### Task item
After locating the line that contains "5 Bedroom Semi-Detached" in the records below, write out exactly that line and each line after it through the one that contains "remklauw links achter", and nothing else.

### Given data
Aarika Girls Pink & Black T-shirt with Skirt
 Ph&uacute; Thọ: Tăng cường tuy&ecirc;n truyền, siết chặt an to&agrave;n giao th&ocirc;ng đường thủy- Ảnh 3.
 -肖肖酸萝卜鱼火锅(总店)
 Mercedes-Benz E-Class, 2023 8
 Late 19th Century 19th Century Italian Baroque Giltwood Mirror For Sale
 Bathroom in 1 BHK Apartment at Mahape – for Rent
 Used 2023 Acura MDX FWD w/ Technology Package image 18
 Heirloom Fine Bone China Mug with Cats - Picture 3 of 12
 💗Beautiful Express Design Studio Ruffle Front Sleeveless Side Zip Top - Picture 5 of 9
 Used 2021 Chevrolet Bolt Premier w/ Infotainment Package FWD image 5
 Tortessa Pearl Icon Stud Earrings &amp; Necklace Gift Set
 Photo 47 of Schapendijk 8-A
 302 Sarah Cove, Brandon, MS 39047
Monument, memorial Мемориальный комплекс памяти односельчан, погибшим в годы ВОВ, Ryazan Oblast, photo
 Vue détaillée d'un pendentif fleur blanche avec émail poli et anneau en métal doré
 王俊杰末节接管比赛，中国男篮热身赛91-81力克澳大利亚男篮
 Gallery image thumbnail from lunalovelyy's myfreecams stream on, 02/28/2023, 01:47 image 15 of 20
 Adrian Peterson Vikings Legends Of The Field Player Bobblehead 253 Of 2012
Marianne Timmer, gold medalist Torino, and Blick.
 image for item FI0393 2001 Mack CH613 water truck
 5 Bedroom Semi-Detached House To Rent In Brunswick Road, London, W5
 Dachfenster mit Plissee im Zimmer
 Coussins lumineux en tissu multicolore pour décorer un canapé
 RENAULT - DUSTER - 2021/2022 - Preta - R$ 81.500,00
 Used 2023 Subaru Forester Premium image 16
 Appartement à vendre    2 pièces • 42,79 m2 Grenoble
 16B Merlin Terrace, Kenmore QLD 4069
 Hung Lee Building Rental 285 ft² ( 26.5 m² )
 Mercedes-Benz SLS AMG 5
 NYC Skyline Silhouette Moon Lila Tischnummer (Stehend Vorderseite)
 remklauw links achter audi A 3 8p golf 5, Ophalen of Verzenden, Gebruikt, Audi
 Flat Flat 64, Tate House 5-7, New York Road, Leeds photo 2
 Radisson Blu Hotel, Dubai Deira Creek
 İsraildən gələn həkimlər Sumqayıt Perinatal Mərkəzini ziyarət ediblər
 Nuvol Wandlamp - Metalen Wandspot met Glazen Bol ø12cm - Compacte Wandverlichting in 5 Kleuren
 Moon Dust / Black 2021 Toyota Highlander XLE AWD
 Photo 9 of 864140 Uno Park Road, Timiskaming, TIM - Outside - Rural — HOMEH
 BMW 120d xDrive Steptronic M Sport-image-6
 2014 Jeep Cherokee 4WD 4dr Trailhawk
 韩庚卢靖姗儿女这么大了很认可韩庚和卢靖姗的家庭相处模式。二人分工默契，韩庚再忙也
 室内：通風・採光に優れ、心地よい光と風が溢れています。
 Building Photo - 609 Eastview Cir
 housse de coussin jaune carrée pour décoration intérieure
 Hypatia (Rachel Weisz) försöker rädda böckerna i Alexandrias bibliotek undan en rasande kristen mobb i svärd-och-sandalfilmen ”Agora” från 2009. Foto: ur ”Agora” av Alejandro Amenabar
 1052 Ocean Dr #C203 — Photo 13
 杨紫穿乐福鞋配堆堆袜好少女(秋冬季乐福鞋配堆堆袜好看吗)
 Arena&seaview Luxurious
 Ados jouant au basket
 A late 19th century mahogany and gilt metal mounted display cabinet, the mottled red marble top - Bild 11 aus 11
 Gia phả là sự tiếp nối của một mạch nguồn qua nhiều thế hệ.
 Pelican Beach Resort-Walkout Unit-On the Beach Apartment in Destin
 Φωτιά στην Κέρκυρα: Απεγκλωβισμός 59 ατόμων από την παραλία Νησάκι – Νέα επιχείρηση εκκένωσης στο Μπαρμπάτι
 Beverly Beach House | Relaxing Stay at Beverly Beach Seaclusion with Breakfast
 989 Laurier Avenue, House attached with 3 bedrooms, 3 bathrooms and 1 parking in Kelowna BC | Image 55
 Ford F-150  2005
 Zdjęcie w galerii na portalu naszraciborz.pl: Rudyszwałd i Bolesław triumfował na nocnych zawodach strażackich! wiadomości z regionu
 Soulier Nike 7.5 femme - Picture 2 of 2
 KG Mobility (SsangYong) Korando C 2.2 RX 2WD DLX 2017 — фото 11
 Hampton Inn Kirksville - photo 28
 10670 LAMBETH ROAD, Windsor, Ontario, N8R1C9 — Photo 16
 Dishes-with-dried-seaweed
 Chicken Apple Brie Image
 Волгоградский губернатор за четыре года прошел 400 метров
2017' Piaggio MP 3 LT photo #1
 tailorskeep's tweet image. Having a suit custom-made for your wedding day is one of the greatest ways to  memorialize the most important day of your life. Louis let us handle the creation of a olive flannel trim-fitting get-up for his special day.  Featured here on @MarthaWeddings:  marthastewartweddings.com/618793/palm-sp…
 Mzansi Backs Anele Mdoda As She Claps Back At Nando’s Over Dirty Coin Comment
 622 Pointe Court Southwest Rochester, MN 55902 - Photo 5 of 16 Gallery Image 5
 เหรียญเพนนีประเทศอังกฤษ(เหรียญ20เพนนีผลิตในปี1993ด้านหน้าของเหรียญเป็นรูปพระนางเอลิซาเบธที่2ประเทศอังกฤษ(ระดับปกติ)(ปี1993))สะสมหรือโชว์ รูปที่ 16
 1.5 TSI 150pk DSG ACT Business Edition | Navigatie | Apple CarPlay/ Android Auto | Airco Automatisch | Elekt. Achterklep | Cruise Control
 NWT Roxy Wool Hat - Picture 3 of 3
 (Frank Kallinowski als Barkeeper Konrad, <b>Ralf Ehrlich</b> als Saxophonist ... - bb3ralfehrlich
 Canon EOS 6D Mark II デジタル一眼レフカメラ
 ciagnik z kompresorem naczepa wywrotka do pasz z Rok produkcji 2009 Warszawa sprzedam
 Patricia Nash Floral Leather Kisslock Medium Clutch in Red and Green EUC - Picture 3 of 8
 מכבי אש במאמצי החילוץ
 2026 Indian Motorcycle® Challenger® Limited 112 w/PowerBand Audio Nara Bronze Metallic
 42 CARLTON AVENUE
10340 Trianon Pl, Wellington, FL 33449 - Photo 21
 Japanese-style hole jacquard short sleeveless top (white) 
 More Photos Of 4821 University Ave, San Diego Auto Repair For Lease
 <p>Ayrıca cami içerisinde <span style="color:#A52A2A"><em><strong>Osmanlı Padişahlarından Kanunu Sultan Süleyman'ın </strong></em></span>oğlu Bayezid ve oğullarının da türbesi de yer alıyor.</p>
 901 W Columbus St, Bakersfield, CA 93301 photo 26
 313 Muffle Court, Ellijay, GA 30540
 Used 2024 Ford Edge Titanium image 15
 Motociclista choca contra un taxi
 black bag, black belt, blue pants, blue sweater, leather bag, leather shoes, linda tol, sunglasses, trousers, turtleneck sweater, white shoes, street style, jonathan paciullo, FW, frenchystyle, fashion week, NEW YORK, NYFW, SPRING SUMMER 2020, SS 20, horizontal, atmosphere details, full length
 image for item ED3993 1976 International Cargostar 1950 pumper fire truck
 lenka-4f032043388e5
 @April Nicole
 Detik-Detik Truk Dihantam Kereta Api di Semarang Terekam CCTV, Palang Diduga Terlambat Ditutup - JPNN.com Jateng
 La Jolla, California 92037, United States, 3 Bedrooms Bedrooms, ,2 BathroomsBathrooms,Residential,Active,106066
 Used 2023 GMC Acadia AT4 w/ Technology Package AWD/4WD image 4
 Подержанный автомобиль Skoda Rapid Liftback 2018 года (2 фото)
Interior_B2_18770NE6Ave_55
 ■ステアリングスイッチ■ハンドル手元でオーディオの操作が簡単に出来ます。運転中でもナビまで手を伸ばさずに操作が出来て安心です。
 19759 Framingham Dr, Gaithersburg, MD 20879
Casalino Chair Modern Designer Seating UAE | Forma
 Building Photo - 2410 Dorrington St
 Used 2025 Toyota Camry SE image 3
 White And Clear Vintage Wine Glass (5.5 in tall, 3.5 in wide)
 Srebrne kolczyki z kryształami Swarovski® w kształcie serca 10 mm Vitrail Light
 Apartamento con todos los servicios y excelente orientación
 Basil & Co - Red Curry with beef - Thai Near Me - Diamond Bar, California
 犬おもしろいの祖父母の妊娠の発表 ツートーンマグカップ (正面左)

### Answer for the task
 5 Bedroom Semi-Detached House To Rent In Brunswick Road, London, W5
 Dachfenster mit Plissee im Zimmer
 Coussins lumineux en tissu multicolore pour décorer un canapé
 RENAULT - DUSTER - 2021/2022 - Preta - R$ 81.500,00
 Used 2023 Subaru Forester Premium image 16
 Appartement à vendre    2 pièces • 42,79 m2 Grenoble
 16B Merlin Terrace, Kenmore QLD 4069
 Hung Lee Building Rental 285 ft² ( 26.5 m² )
 Mercedes-Benz SLS AMG 5
 NYC Skyline Silhouette Moon Lila Tischnummer (Stehend Vorderseite)
 remklauw links achter audi A 3 8p golf 5, Ophalen of Verzenden, Gebruikt, Audi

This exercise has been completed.